It is to be noted that in a case where the wife does not observe the menstrual cycle, an interval of 30 days is required between each repudiation. Hasan was brought in to put an end to the ill-treatment of her husband, whom he divorced several times, and took her back without any repercussions. Through this method, the husband is given two chances to take his wife back, as after the third pronouncement, talaq becomes irrevocable. Hasan stops the indefinite process of divorcing and repudiating. This acts as protection for women by ensuring that they won’t be used by Arabs indefinitely. The Prophet stopped the Arabs and Muslim husbands from divorcing unlimited times and restricted them to three chances only.

In this form of talaq, husbands do not follow the concept of talaq-us-sunnat and do not pay attention to the period of purity and abstention from intercourse. This method was followed to escape the restrictions imposed by the Prophet on the above-mentioned method of talaq. 

Triple divorce is defined by Hedaya as a form of divorce in which the husband repudiates the marriage by saying three divorces in one sentence. He repeats the sentence three times during the period of tuhr. This kind of divorce is not only legal but sinful as well. But in Shia law, it’s not even allowed. The triple form is not an indispensable requirement. A husband may say ‘I divorce you, I divorce you, I divorce you’ in a sentence or say ‘I divorce you’ three times. In cases where the intention is clear, the divorce becomes irrevocable. These forms of divorce are not recognised by Shias. An intermediary marriage is necessary for a reunion. Though Talaq-ul-Biddat is good in law but bad in theology, it is the most practised form in India. 

Another form is ‘one irrevocable divorce’. In this form, the husband may say talaq a hundred times, and it will be considered final. Intentions can be shown in writing as well. Talaq becomes irrevocable under the following circumstances-

  • Ahsan talaq becomes irrevocable when the period of iddat is completed and served. 
  • Hasan talaq comes into force when the third pronouncement is made to the wife. Iddat does not influence the form of talaq. 
  • Talaq-ul-Biddat also becomes irrevocable when it is pronounced.
  • In the case of unconsummated marriage, talaq becomes final and irrevocable at the very time of its pronouncement.
  • A written talaq becomes irrevocable at the very moment of its execution unless it is ambiguous or not clear. 

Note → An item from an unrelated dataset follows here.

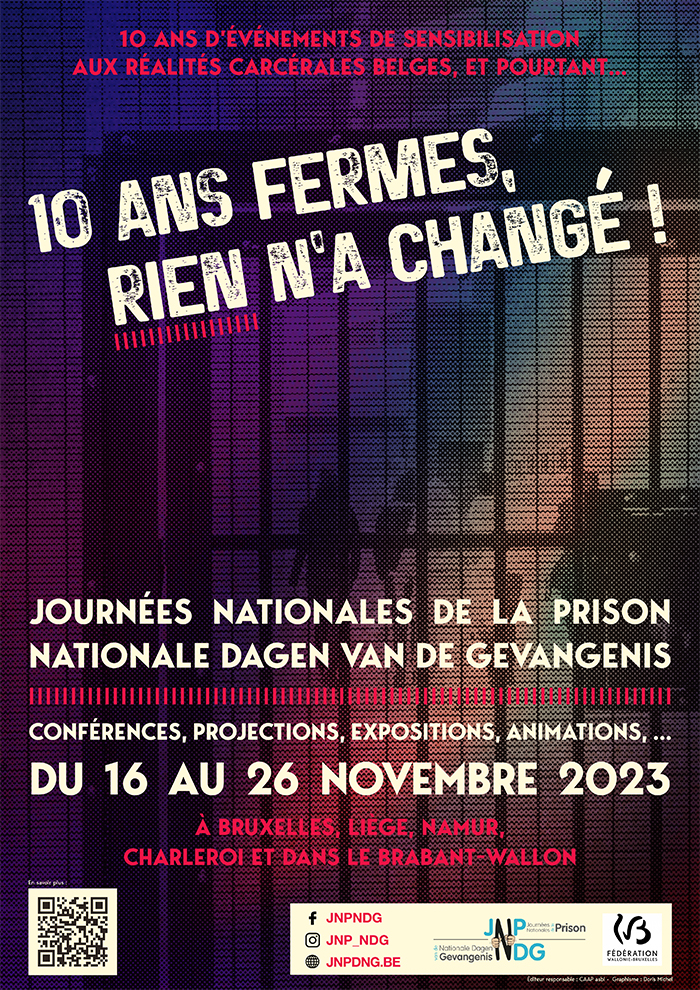 Journées nationales de la Prison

After getting to know the whole process of talaq under this method, one must understand the meaning of implied and contingent divorce. In cases where the husband clearly says to his wife that he is severing the bonds and relations with her and that we have no connection with each other from now on, where the intent is clear, it shall be an implied divorce. The intent and words should be very clear, and there should be no scope for ambiguity in the word construction. When talaq is pronounced by the husband, it should affect the future of both husband and wife. When talaq is affected by future events or vice versa, it is considered contingent divorce, also called talaq-e-taliq. Shia law hasn’t recognised implied and contingent divorce. In the case of Hamad Ali v. Imtiazan (1878), the distinction between implied and contingent divorce was discussed. In the case of Bashchoo v. Bismillah (1935), the husband gave an undertaking to his wife that he would be paying all the expenses and maintenance within a specified period, and if he failed to do so, the wife could file a divorce case against him. He failed to manage the expenses and maintenance, in return for which his wife filed for divorce. The Allahabad High Court held that these proceedings would be valid and lawful as there was an implied written statement (undertaking) given by the husband. Hence, divorce can proceed between the parties.

2. Talaq-ul- Biddat


  • Ila (Vow of Continence)

The situation wherein a husband who is of sound mind and has attained the age of majority swears in the name of God that he will not have sexual intercourse with his wife and leaves her to observe iddat, he is said to make Ila.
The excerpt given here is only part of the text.